Learn more about EU Medical Device Registration.
In December 2024, the FDA published a 49-page guidance document, "Marketing Submission Recommendations for a Predetermined Change Control Plan (PCCP) for AI-Enabled Device Software Functions." This forward-looking guidance outlines strategies to ensure the safe and effective development of medical devices incorporating AI technologies. It aims to assist manufacturers in supporting iterative updates to AI-enabled device software functions (AI-DSFs) while maintaining safety and effectiveness. The document also provides detailed recommendations for including a PCCP in marketing submissions, fostering innovation that enhances patient care and supports healthcare providers.
Learn more about FDA US Medical Device Registration.
On November 27, 2024, ANVISA's Board of Directors approved a comprehensive update to Brazil's clinical research regulations, aiming to reduce bureaucratic barriers and foster innovation. The new rules enable faster initiation of clinical trials, allow continuous data submissions, and harmonize national practices with international standards. This modernization is expected to attract more investments, strengthen public health, and accelerate the development of new medicines in Brazil.
On November 22, 2024, ANVISA released Circular Letter 01/2024, providing detailed instructions for companies on the procedural requirements for submitting medical device notifications and registration petitions. The guidance emphasizes compliance with sworn translation requirements, legally valid signatures, and the appropriate level of electronic signatures for interactions with public entities. The initiative aims to reduce rejections due to regulatory non-compliance and has been shared with industry associations and stakeholders involved in medical device regularization.
Learn more about ANVISA Brazil Medical Device Registration.
The Medical Device Technical Review Centre under the National Medical Products Administration (NMPA) is seeking public input on two draft guidelines for medical device registration reviews: the "Registration Review Guidelines for Fluorescence Imaging Performance Evaluation of Active Medical Devices" and the "Registration Review Guidelines for Carbon Dioxide Laser Therapy Equipment."
Released on November 28, 2024, these drafts are part of the 2024 Medical Device Registration Review Guidelines Development Plan. Feedback must be submitted via email by December 22, 2024, following specified submission formats.

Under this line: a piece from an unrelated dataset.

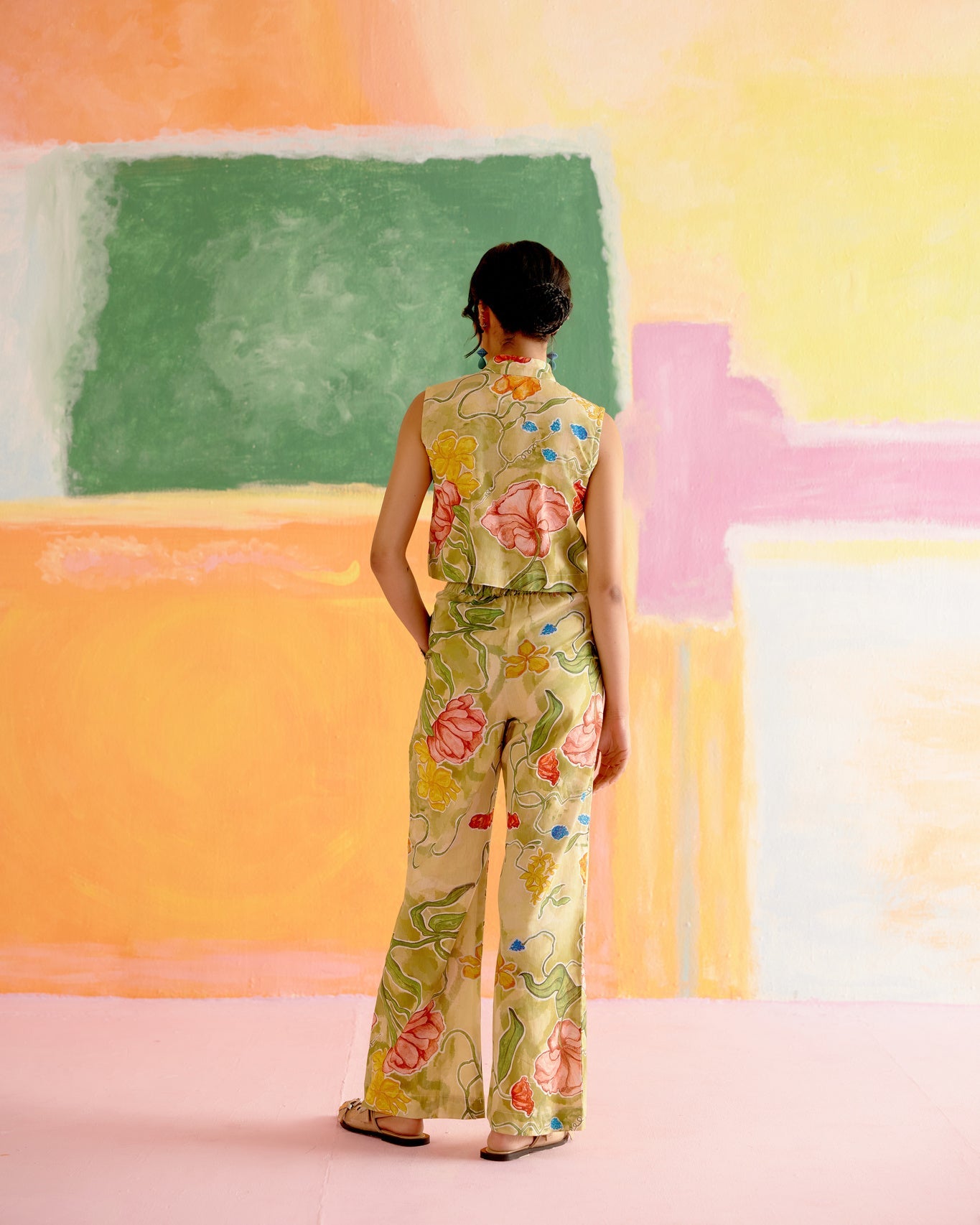 Malta Co - ord Pants Set in Le Jardin Print - CiceroniCo - ord SetHappi Space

These guidelines aim to refine regulatory standards for evaluating performance and safety, fostering innovation while ensuring compliance.

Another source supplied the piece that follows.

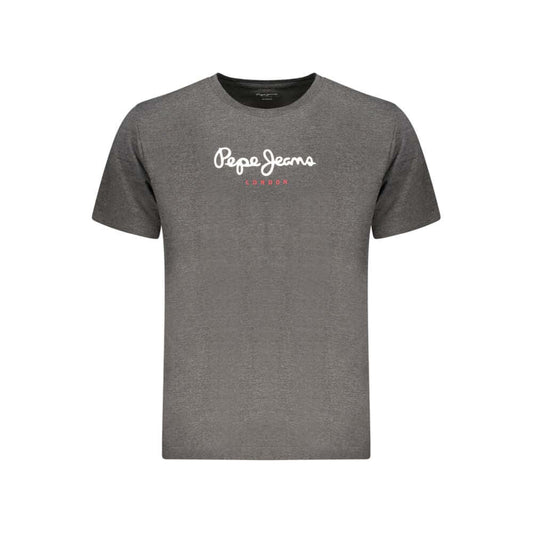 Pepe Jeans Grigio Cotton Men T-Shirt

Learn more about China Medical Device Registration & Approval.
The Ministry of Health, Labour and Welfare, in collaboration with the Pharmaceuticals and Medical Devices Agency (PMDA), has announced the FY2024 Seminar on Approval Review as part of the Collaborative Plan for Optimizing Medical Device Regulation and Review 2024.
This initiative includes an online seminar (November 27 – December 27, 2024) covering topics such as application procedures, QMS inspections, and post-marketing safety, and a case study session (December 20, 2024) focusing on clinical evaluation needs. The program is designed for medical device manufacturers, developers, and professionals engaged in regulatory and quality assurance activities. Participation is free, and registration is open through the PMDA platform.
Learn more about PMDA Japan Medical Device Registration.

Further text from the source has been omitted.